On a certain occasion a woman in our prayer fellowship whom my wife, Lenore, and I have known for many years, lashed out hurtfully at another member during the meeting and, as a result, I directed a disciplinary letter to her. I felt the letter was justified and chose that means because I felt it indicated less importance than addressing the issue in person. Sometime later I learned that she had been deeply hurt and offended by the letter. She had not taken it in the way I had intended. I could have said, “The letter was justified; if she took it wrong, that’s her problem!” But since a broken relationship is not an option with us, upon learning of the woman’s hurt, Lenore and I went to her, not knowing if she would even let us into her house. When she came to the door, I said to her, “I am so sorry that I hurt you. I would never intentionally have done so. I wrote the letter because I didn’t think it was a really big deal, but I certainly misjudged the way you would respond to the letter. I realize now that if I thought it was necessary to say anything, I should have come to you personally rather than sending a letter.” With that she began sobbing and said, “You don’t know how much I wanted to hear that.” She then invited us in for coffee and we talked for two or three hours. When we left, the relationship had not only been restored, it was even stronger for having been given the reassurance that no matter what may happen in the future, broken relationship is not an option. We will take steps to do whatever is necessary to restore a broken or damaged relationship to harmony insofar as we are able.

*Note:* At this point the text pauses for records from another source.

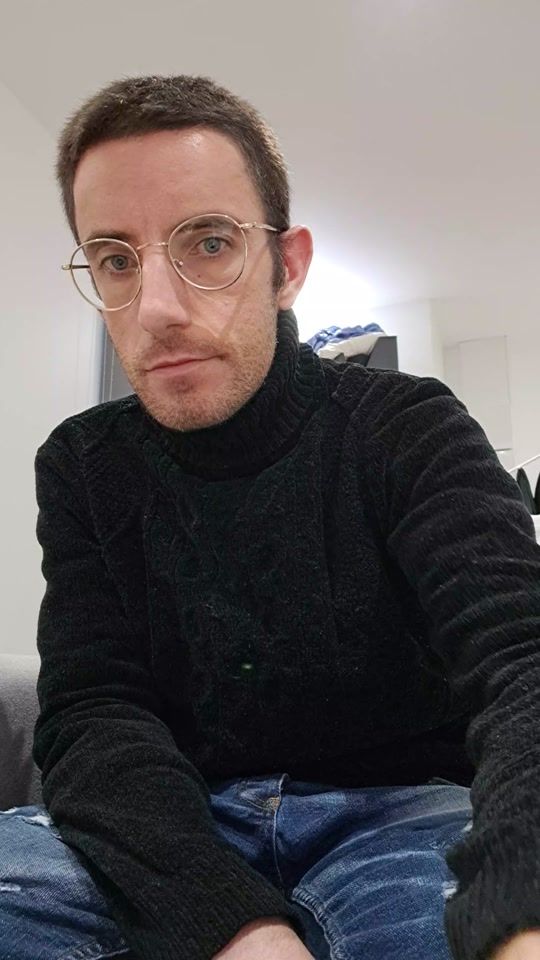 TikTok video thumbnail by vincentsouard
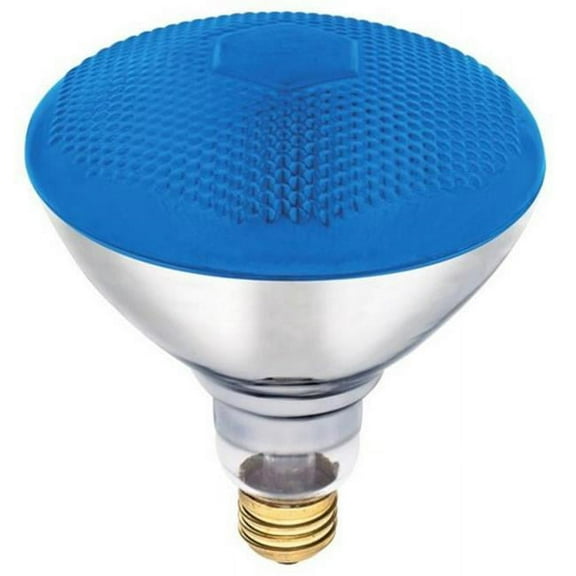 Westinghouse BR38 Colored Floodlight Light Bulb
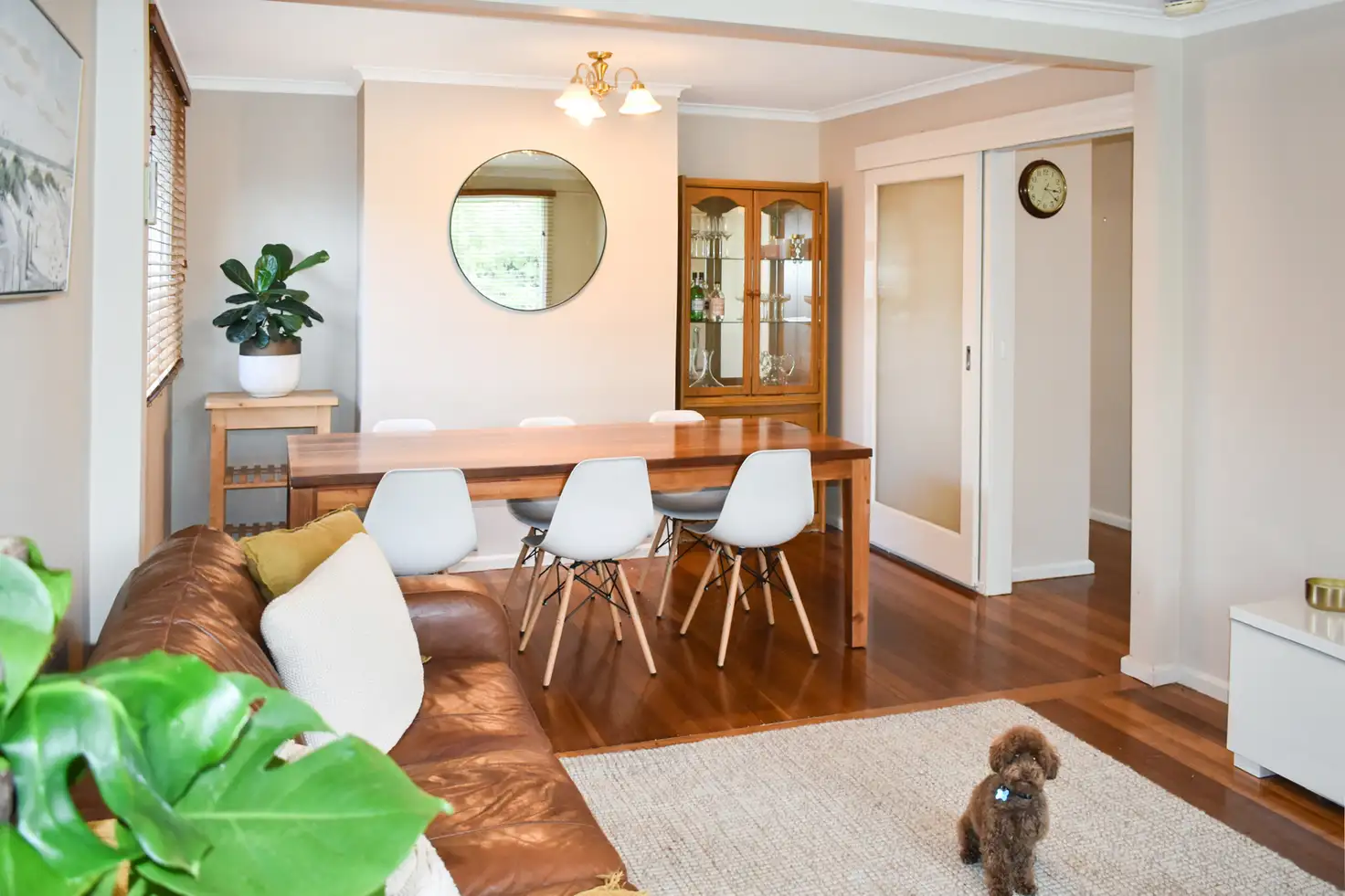 Main view of Homely house listing, 29 Torquay Avenue, Seaford VIC 3198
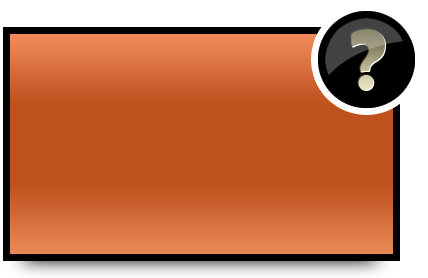 question box 14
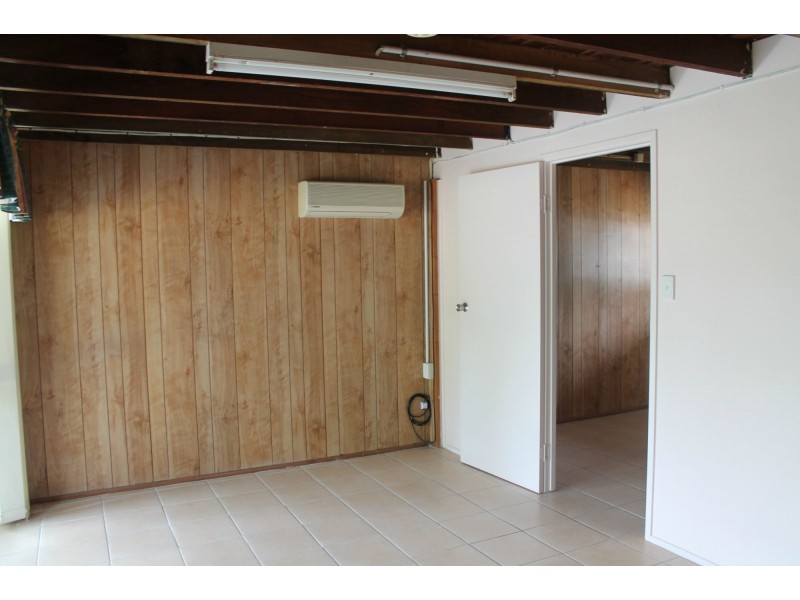 14 Nadarmi Drive, Andergrove QLD 4740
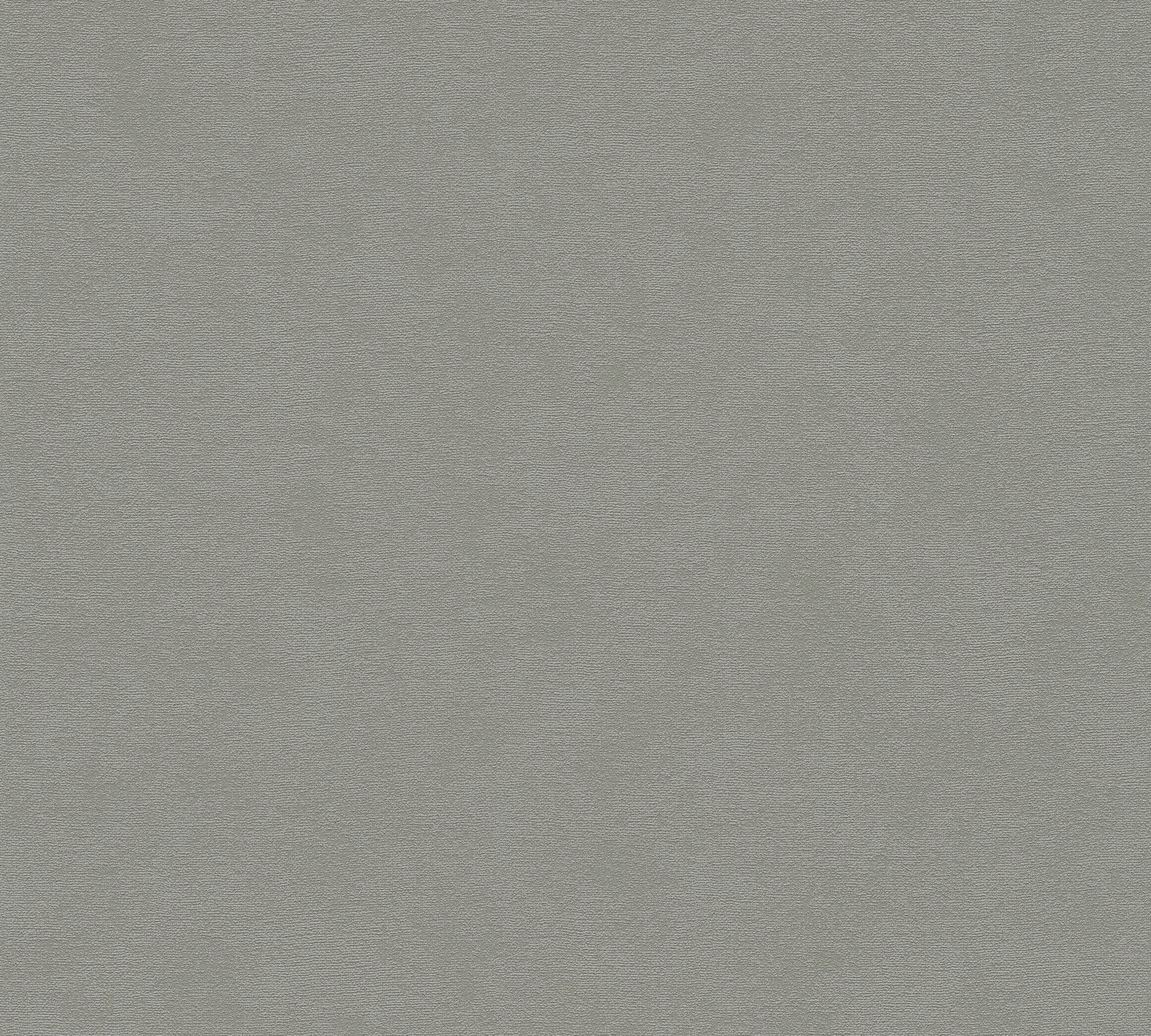 High-quality wallpaper from the French Affair collection in grey. 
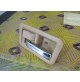 MANIGLIA APRI PORTA INTERNA RENAULT 7700704863
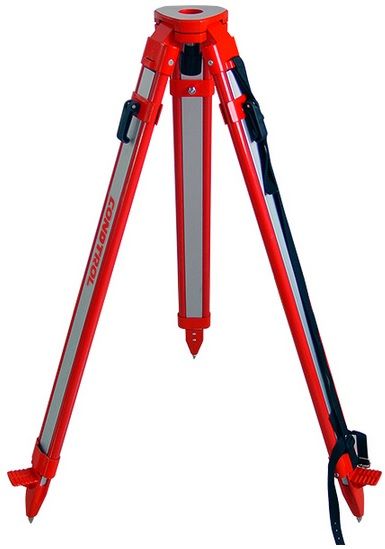 Штатив геодезический для оптического нивелира 1.8 м GEO S6-2 CONDTROL
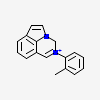 an image of a chemical structure CID 20784213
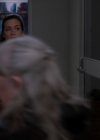 VampireDiariesWorld-dot-nl_ChigagoMed4x17-02406.jpg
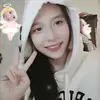 user4210529042307 - @tran_jada - TikTok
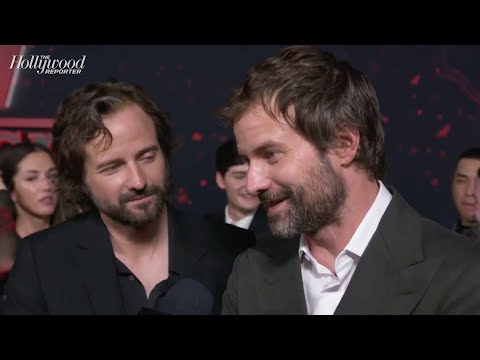 Duffer Brothers Respond to Millie Bobby Brown, David Harbour Bullying Claims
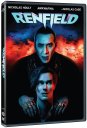 előnézet Renfield - DVD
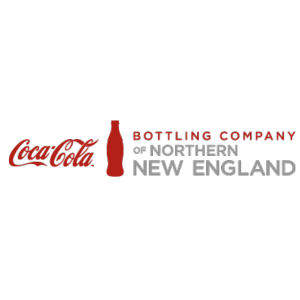 Coca Cola of Northen New England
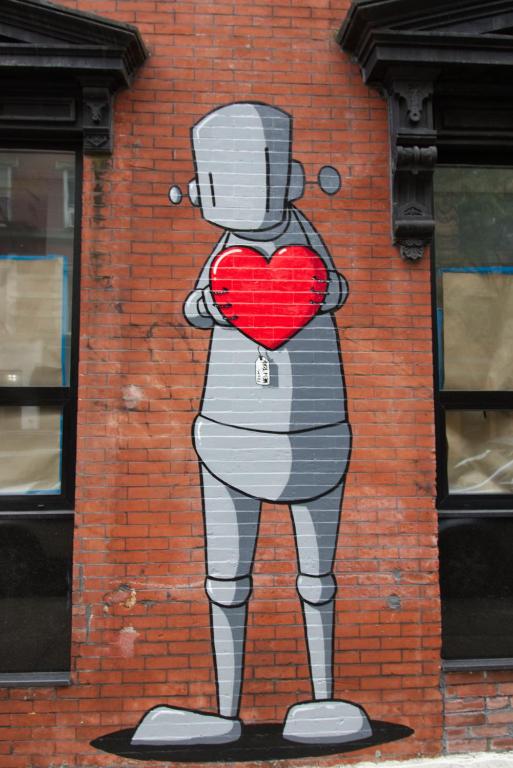 The_ridge_10's photo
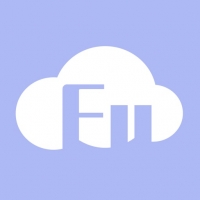 浮云漫画安卓版app 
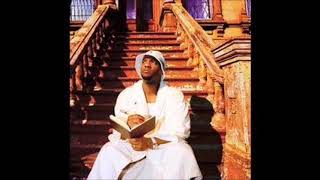 Masta Ace - Top Ten List Instrumental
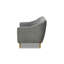 Cabrales Sofa-22906691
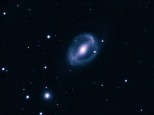 NGC1512 NGC1510
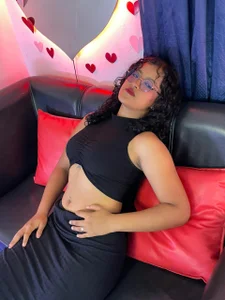 Public de meli_honey  2 Imagens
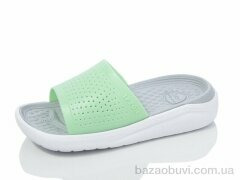 Luck Line 5031-310, 200.00, 8, 28-35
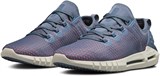 Under Armour Кроссовки W Hovr Slk Sprt 3021482-400-lst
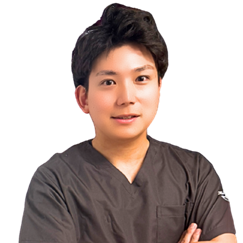 町田院 医師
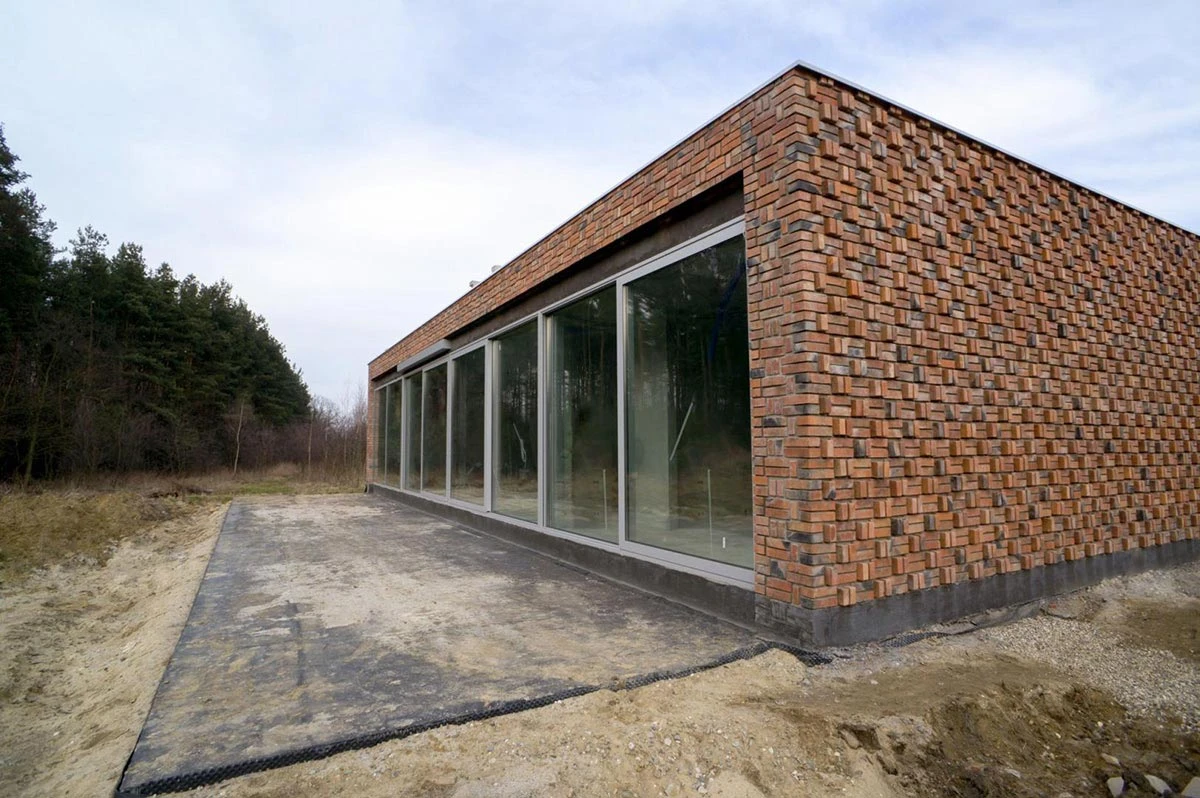 dzc-0116-rudy-dom-05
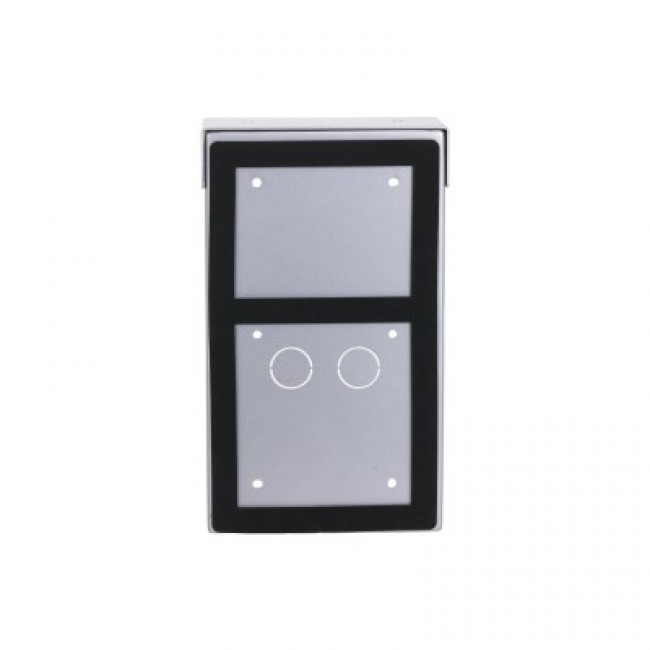 Dahua Technology Rain Cover Dahua Technology Rain Cover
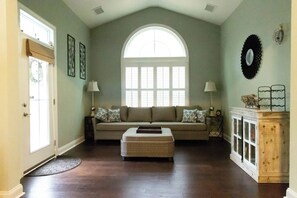 Smart-tv, datorskärmar och printers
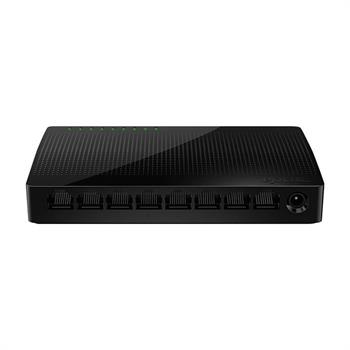 سوئیچ 8 پورت تندا مدل SG108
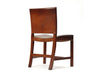 'Barcelona' Chair by Kaare Klint for Rud Rasmussen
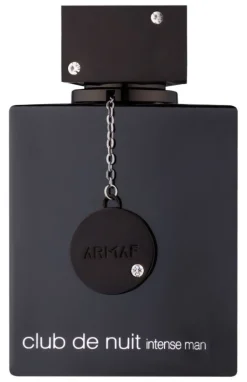 Armaf Club de Nuit Intense Man 150 parfum spray
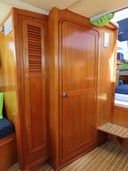 Agder Nor-Star 950 HT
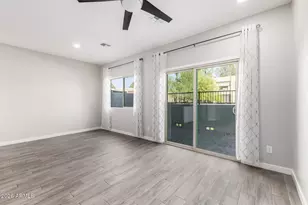 8287 N 22nd Dr, Phoenix, AZ 85021 - Photo 5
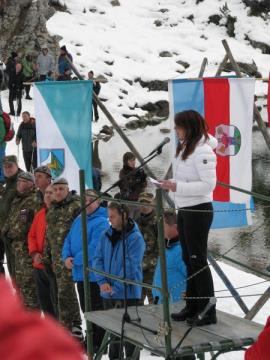 KRN-POHOD SPOMINA 1918 -2017 10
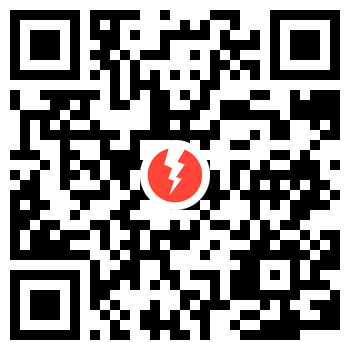 Open Curries Camp in ESP app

Conclusion. Let me encourage you to remember to use the three keys with which the Lord has entrusted each of us that will open the door to the high road of personal happiness: Unconditional Love, Harmonious Relationship, and Unconditional Forgiveness. Regardless of your current situation, there really is hope. As my father-in-law, Dr. Bob Lindsey, used to say when someone would tell a particularly sad or pessimistic story, “Cheer up!” I can still see his smile as he would say, “Cheer up!” So I say to you, “Cheer up!” Determine today that you will yield that troubling situation or interpersonal relationship in your life to our Lord and allow him to transform it and return it to you as something beautiful. Ask him to forgive you, cleanse you, and fill you to overflowing with his Spirit. Ask him to enable you to allow his pure, unconditional love to flow through you back to him as well as out to those about you. Ask him to enable you to see others as he sees them and to feel for others what he feels for them. Ask that his perfect will might be accomplished in and through you—for his own honor and glory. Do this and you will be well on the way to experiencing true personal happiness.